Arts, Culture and Heritage Minister Maggie Barry says Hawke’s Bay Opera House in Hastings will receive $4 million in funding for seismic strengthening from the Regional Culture and Heritage Fund.
“The Opera House is an important venue for touring performers and this major investment, announced in Hastings by Prime Minister Bill English today, will help future-proof it as a cultural hub for the Hawke’s Bay region,” Ms Barry says.
Prime Minister Bill English with MP Craig Foss and Mayor Lawrence Yule.
“The Opera House survived the 1931 Hawkes Bay earthquake but has been closed since 2014 when found to be an earthquake risk and the Government’s grant is contingent on the Hastings District Council ensuring the seismic strengthening work achieves a minimum of 75 per cent of the current New Building Standard.”

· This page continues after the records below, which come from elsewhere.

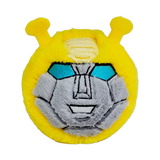 Bumblebee: Mini Puff Bouncer
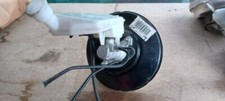 USED SPARE PARTS, SERVO BRAKE
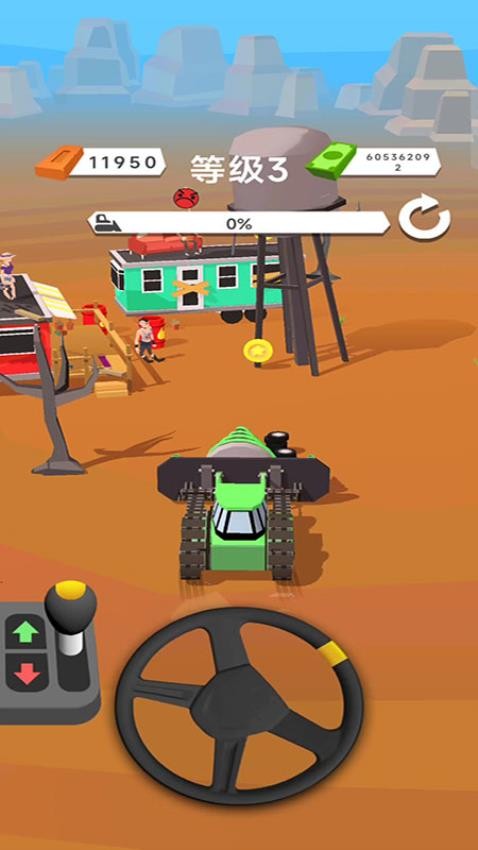 城市建设者手游v187.1.2 3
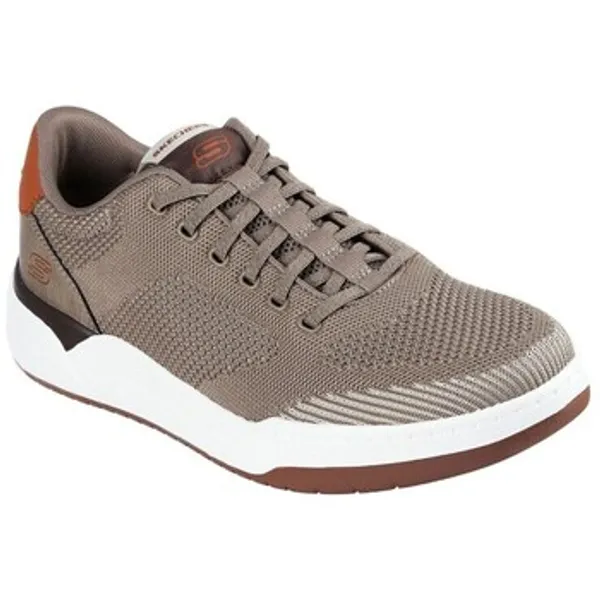 Skechers Sneakers Skechers RELAXED FIT:CORLISS-DORSET — vergelijk prijzen bij 1 winkel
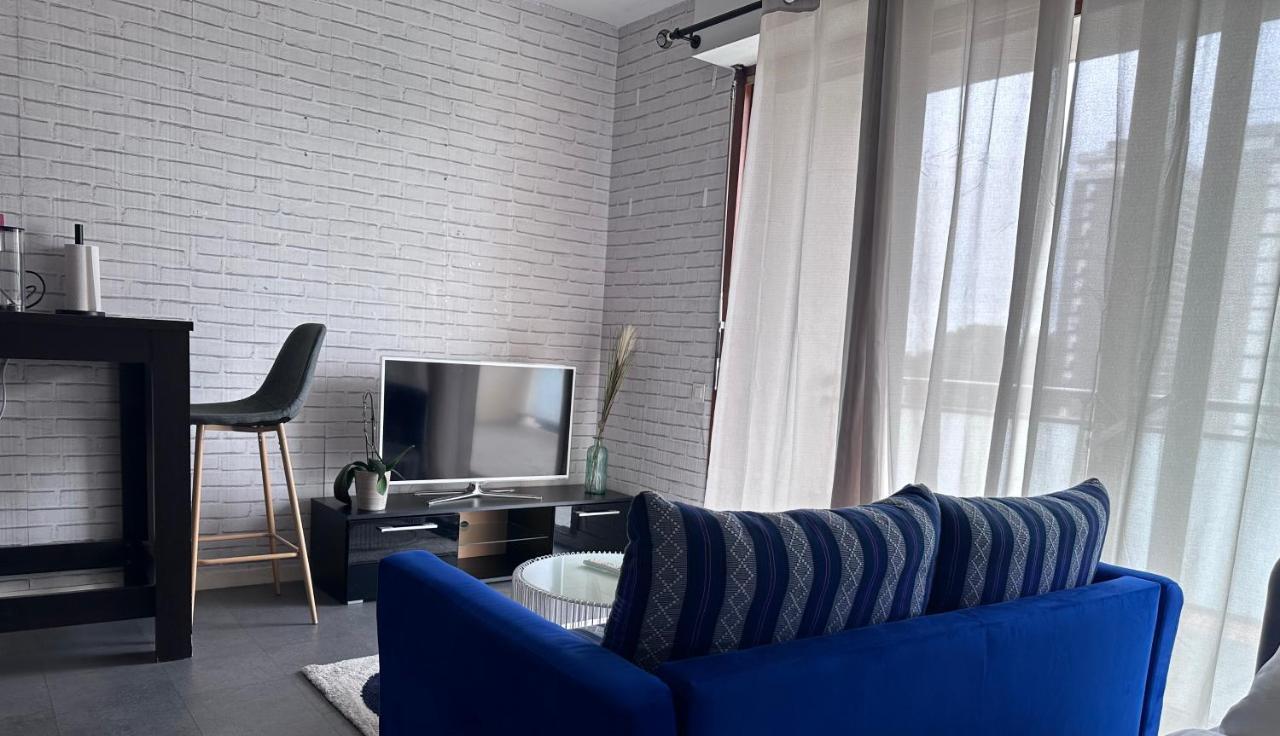 Appartement - Bordeaux Talence Extérieur photo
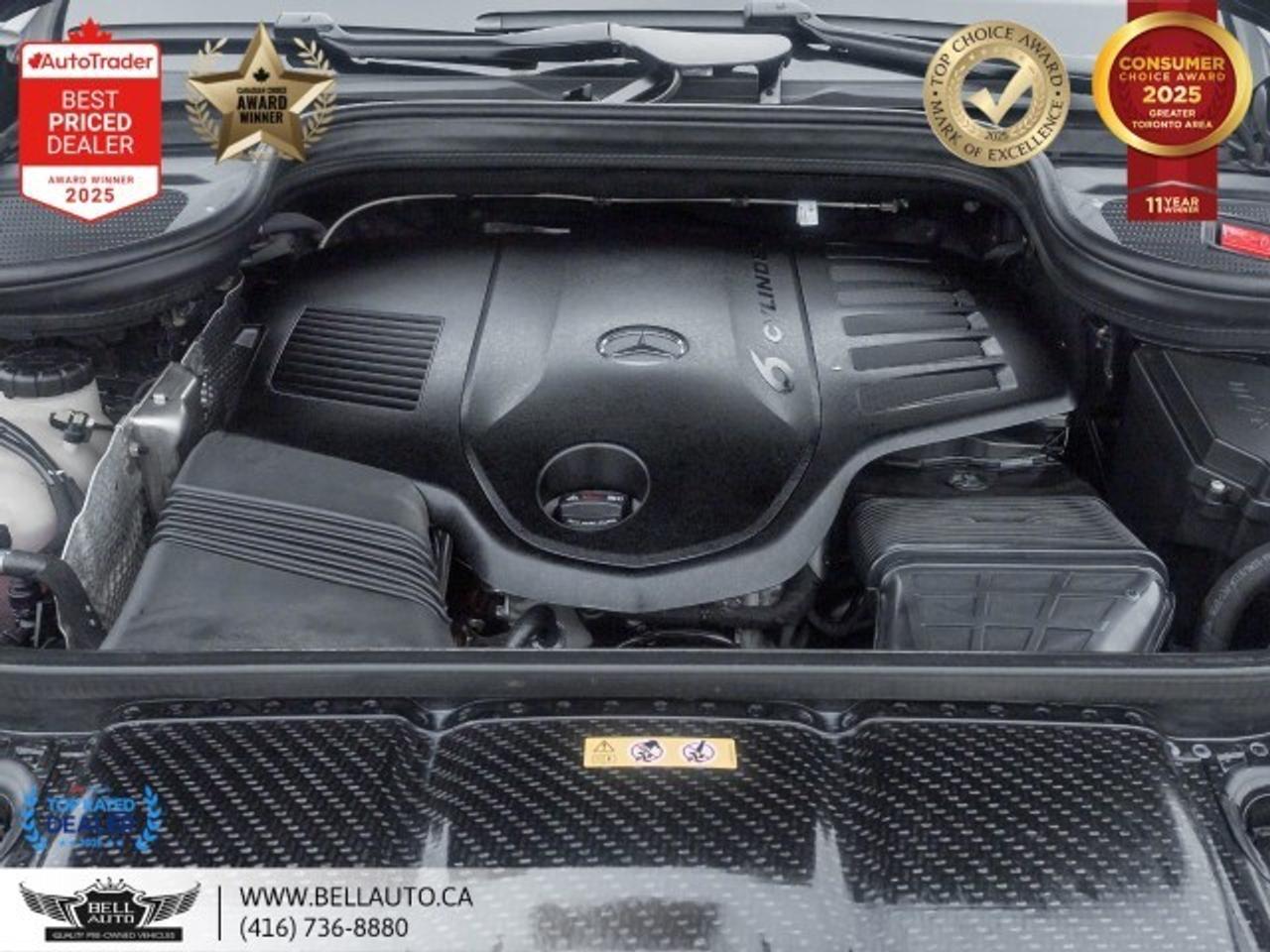 2022 Mercedes-Benz GLE 450   AMG PKG   PRM PKG   TECH PKG   REAL LTHR   N Photo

“The council also needs to raise some additional funding but I am confident this will be achieved so it can attract further arts, cultural and heritage events to Hawkes Bay. A reopened theatre represents a wonderful economic opportunity.”
Ms Barry also acknowledged the advocacy of Hastings Mayor Lawrence Yule and outgoing local MP Craig Foss.
The Opera House has national significance as a Category One Heritage Site.
This grant is the first to be announced in the second round of the Government’s Regional Culture and Heritage Fund (RCHF). More announcements will occur in coming weeks.
For further information www.mch.govt.nz/RegionalCultureHeritageFund
Note for editors:
- Hawke’s Bay Opera House, previously known as Hastings Municipal Theatre, opened in 1915.
- Seating 1600 people the theatre is an important example of the work of eminent Australasian theatre designer Eli White with its Spanish Mission style and Art Nouveau interior, including a hand-painted ceiling.
- The Regional Culture and Heritage Fund (RCHF) was established in 2016 with $29.527 million for allocation over three years to help fund capital projects benefitting regional arts, culture and heritage institutions.
- These regional institutions attract the economic and social benefits of new visitors, businesses and residents to New Zealand’s smaller towns and cities.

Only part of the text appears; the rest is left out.